**THE TASK**
Give back the line where "Snapshot of sweetandsour69" appears and all the lines after it until the listing ends, unchanged and with nothing else.

Start of INPUT

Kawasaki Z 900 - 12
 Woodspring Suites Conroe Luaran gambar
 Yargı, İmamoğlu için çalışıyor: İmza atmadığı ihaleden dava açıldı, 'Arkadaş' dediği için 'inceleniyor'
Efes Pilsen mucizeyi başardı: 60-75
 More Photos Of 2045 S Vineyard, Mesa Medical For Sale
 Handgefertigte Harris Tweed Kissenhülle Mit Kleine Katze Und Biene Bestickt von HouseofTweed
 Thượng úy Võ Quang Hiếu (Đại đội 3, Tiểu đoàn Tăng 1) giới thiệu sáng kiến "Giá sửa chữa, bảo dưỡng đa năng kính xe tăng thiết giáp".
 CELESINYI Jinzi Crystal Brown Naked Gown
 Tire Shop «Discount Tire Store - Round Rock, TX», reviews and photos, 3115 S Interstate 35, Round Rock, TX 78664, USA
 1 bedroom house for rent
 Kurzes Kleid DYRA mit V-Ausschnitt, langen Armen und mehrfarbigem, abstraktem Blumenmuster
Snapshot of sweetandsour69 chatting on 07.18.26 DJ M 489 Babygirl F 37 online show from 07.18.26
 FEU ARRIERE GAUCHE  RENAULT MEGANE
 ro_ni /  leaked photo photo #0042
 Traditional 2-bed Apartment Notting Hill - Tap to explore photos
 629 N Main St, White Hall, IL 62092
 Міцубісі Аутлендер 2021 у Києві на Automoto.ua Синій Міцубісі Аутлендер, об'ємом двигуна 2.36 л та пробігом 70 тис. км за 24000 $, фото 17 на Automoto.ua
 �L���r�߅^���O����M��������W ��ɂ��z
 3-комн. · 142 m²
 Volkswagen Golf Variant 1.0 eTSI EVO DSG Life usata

End of INPUT

**WRITTEN SOLUTION**
Snapshot of sweetandsour69 chatting on 07.18.26 DJ M 489 Babygirl F 37 online show from 07.18.26
 FEU ARRIERE GAUCHE  RENAULT MEGANE
 ro_ni /  leaked photo photo #0042
 Traditional 2-bed Apartment Notting Hill - Tap to explore photos
 629 N Main St, White Hall, IL 62092
 Міцубісі Аутлендер 2021 у Києві на Automoto.ua Синій Міцубісі Аутлендер, об'ємом двигуна 2.36 л та пробігом 70 тис. км за 24000 $, фото 17 на Automoto.ua
 �L���r�߅^���O����M��������W ��ɂ��z
 3-комн. · 142 m²
 Volkswagen Golf Variant 1.0 eTSI EVO DSG Life usata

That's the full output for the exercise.